6th Circuit Again Upholds ACA Accommodation For Religious Non-Profits

The U.S 6th Circuit Court of Appeals today, deciding a case that had been remanded to it (see prior posting) by the Supreme Court after that Court's Hobby Lobby decision, reaffirmed its earlier decision upholding against a RFRA challenge the Obama administration's Affordable Care Act accommodation for religious non-profits that object to furnishing their employees insurance coverage for contraceptives.  In Michigan Catholic Conference v.
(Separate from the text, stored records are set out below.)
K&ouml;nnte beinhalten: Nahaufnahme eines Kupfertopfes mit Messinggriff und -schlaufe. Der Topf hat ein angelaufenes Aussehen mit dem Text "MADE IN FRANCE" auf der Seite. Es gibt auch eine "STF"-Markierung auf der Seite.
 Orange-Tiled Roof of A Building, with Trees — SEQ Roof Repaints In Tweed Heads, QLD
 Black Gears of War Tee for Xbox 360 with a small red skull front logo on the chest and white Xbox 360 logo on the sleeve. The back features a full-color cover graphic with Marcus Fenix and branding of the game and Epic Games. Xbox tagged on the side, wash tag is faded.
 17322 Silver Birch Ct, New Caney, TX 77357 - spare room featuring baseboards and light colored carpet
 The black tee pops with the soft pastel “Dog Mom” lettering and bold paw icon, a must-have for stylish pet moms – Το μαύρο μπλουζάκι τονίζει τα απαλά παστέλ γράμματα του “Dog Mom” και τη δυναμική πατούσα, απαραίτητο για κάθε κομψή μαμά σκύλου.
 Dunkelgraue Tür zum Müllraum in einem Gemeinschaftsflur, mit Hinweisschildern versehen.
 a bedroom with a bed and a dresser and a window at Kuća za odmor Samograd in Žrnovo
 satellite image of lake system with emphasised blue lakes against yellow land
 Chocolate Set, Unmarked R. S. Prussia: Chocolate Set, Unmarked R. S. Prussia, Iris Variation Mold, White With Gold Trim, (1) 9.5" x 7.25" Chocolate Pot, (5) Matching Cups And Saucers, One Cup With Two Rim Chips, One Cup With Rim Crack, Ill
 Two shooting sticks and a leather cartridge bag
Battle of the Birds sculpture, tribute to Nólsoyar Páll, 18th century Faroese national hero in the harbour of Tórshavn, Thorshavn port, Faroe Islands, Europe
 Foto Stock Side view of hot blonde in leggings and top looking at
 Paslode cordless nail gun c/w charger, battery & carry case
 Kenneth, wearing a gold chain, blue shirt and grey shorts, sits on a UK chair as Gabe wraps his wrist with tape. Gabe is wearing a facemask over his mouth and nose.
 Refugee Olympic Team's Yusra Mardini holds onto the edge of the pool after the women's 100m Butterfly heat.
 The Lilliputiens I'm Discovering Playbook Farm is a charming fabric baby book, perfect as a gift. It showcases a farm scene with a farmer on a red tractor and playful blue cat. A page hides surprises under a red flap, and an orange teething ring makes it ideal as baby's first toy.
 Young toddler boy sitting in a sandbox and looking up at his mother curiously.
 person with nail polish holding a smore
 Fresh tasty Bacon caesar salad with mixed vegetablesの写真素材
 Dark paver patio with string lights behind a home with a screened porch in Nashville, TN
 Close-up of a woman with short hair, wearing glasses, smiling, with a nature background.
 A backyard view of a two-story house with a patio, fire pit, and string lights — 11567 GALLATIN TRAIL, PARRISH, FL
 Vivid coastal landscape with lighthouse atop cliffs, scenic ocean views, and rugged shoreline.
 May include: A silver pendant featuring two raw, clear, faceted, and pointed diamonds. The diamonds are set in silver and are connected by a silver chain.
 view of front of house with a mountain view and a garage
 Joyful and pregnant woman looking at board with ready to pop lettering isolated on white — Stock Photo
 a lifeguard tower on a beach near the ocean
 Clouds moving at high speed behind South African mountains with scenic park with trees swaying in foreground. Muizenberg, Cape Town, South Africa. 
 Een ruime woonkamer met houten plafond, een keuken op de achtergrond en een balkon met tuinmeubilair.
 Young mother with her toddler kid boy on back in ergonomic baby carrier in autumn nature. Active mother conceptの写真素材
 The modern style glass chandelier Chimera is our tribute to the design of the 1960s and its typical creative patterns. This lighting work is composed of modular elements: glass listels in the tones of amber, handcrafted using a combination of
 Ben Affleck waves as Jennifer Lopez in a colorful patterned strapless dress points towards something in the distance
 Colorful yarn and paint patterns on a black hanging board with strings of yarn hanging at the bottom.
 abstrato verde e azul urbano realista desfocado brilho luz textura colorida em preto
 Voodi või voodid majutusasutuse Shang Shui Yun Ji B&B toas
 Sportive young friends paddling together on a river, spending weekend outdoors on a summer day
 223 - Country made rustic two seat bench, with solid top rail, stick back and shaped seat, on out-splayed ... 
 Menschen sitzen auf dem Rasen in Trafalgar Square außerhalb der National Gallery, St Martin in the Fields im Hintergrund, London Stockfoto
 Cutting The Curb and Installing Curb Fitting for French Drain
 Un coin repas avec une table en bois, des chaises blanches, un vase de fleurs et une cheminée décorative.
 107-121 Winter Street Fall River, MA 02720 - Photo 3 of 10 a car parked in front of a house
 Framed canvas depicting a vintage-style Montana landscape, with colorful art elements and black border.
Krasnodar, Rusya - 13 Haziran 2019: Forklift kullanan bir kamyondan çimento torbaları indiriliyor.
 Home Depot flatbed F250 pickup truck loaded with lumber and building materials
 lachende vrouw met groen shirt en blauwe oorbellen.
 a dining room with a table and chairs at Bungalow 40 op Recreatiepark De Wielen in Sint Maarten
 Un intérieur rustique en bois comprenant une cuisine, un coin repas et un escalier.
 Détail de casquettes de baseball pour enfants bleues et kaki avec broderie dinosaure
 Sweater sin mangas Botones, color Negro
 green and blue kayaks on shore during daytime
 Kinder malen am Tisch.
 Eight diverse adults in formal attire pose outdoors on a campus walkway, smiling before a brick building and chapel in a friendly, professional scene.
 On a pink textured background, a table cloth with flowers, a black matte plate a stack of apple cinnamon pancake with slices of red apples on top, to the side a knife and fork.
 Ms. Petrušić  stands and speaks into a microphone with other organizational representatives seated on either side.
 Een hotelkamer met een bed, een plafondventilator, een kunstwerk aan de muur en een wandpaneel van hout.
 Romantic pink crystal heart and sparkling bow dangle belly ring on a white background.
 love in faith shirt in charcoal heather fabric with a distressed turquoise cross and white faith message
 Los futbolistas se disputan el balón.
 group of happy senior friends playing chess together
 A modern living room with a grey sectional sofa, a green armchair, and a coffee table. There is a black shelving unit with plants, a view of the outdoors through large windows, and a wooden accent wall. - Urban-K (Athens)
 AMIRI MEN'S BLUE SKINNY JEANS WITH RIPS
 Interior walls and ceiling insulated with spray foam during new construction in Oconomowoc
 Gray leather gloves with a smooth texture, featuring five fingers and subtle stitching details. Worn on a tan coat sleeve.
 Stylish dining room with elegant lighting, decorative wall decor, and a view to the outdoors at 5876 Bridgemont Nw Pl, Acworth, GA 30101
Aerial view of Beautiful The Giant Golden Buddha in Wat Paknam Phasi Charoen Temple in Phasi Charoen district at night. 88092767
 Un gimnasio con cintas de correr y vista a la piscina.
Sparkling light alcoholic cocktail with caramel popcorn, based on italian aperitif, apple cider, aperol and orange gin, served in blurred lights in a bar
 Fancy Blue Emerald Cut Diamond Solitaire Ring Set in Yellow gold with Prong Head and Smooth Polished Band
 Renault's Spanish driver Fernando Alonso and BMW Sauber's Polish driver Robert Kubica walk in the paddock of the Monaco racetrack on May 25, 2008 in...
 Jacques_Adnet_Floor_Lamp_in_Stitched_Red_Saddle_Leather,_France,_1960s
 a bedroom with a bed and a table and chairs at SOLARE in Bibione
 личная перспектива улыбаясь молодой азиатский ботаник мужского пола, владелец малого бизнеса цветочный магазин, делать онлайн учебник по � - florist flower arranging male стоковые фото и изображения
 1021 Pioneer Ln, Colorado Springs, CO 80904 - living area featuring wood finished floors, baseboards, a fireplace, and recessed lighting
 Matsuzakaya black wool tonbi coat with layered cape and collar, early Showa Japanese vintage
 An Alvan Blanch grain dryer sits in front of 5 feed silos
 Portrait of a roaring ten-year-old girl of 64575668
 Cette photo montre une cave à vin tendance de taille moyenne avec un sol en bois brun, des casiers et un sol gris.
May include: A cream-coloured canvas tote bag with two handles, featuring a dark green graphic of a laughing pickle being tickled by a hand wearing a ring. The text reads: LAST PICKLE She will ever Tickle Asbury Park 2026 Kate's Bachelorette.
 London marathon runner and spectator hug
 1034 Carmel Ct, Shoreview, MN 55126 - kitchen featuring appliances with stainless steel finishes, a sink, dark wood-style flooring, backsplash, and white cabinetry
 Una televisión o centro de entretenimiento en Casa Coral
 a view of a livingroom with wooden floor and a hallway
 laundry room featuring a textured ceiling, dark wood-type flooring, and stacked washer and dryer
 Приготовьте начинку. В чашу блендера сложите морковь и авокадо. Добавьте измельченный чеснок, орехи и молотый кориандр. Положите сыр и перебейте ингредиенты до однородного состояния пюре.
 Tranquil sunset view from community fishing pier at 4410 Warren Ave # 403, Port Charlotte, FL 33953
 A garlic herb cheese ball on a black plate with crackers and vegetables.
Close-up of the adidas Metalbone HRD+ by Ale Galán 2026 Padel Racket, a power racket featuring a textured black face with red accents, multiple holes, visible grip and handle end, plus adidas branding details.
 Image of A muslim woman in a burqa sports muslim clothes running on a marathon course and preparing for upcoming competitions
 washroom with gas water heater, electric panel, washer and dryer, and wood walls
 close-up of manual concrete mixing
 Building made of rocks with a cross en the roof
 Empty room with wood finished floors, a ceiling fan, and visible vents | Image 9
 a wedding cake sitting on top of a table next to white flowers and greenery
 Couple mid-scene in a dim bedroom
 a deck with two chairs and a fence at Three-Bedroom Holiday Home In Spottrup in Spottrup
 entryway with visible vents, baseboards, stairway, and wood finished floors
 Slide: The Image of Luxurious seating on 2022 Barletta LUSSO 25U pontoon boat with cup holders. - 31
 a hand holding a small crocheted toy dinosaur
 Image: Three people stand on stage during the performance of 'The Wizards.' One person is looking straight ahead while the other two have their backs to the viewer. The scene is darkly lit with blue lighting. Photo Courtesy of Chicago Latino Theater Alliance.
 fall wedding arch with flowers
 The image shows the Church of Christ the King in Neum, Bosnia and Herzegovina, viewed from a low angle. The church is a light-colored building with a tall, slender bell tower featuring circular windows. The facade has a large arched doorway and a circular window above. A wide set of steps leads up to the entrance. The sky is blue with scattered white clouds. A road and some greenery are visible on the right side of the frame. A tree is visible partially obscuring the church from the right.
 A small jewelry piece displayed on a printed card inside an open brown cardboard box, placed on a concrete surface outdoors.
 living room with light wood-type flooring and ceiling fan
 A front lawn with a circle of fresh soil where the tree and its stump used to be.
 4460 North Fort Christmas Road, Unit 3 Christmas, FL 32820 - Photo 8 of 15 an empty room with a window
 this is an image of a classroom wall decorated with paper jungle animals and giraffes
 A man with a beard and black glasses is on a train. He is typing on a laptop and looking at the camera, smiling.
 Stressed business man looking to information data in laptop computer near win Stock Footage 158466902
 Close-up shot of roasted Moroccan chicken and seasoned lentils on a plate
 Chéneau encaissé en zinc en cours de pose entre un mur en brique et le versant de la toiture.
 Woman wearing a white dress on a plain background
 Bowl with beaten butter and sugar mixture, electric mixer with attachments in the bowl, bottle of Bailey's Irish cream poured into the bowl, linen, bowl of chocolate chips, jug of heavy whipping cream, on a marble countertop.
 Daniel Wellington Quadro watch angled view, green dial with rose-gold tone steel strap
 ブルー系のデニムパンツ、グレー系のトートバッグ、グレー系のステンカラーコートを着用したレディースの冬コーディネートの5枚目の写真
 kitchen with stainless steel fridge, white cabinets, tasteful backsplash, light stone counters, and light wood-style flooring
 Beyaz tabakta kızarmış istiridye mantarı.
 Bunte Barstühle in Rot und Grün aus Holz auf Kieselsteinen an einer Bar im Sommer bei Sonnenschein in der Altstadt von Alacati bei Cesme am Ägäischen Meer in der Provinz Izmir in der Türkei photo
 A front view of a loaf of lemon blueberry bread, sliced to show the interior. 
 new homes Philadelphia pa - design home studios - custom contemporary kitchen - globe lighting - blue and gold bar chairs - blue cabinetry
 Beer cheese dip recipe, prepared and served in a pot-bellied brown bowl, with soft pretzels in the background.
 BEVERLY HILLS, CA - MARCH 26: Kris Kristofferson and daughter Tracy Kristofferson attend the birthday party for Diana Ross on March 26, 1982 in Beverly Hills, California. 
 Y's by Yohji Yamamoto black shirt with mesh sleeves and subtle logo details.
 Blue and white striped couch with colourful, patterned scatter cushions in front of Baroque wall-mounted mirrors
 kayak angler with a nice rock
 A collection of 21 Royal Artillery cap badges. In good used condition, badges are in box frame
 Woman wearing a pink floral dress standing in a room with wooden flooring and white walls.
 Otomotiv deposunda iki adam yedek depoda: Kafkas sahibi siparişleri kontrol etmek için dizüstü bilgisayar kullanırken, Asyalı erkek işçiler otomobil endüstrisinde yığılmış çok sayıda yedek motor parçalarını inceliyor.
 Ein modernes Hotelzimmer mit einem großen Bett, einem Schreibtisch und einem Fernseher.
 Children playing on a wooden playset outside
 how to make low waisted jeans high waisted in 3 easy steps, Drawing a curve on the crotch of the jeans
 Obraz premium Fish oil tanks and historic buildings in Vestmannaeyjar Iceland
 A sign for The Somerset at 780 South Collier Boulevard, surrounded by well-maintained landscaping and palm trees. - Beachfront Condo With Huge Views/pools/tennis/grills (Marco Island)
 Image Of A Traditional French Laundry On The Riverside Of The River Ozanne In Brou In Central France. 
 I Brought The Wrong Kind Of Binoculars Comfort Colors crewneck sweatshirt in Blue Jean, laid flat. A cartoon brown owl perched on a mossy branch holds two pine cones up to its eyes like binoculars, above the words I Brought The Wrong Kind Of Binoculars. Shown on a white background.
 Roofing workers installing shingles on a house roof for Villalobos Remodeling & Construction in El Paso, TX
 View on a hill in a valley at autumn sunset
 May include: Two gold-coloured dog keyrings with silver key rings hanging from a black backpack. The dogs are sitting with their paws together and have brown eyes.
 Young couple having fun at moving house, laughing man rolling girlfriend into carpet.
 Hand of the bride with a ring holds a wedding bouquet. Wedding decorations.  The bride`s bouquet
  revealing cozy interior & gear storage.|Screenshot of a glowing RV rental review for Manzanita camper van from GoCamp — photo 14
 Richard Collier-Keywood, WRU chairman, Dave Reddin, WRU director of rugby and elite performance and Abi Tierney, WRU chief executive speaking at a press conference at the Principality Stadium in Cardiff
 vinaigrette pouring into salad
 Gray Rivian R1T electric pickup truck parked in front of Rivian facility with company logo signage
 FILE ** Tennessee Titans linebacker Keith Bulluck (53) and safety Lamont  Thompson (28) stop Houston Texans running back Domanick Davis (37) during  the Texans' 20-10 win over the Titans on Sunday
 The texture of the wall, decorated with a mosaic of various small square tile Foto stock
Burwell, (6th Cir., Aug. 21, 2015), the 6th Circuit said in part:
Despite our attempts to describe how the accommodation actually works, it is perhaps inevitable that some Plaintiffs will still believe that they are morally complicit in sin, by being a part of a system that provides access to contraceptives.... However, it is not our role to determine a party’s moral complicity; we do not question here Plaintiffs’ “desire not to participate in the provision of contraception.” ... Our role is a more limited one: to determine whether, as a legal matter, the regulation represents a substantial burden to Plaintiffs’ rights under RFRA. That requires us to determine how the law works and what it asks of various actors. On this point, as we held before, “[t]he government’s imposition of an independent obligation on a third party does not impose a substantial burden on the appellants’exercise of religion.”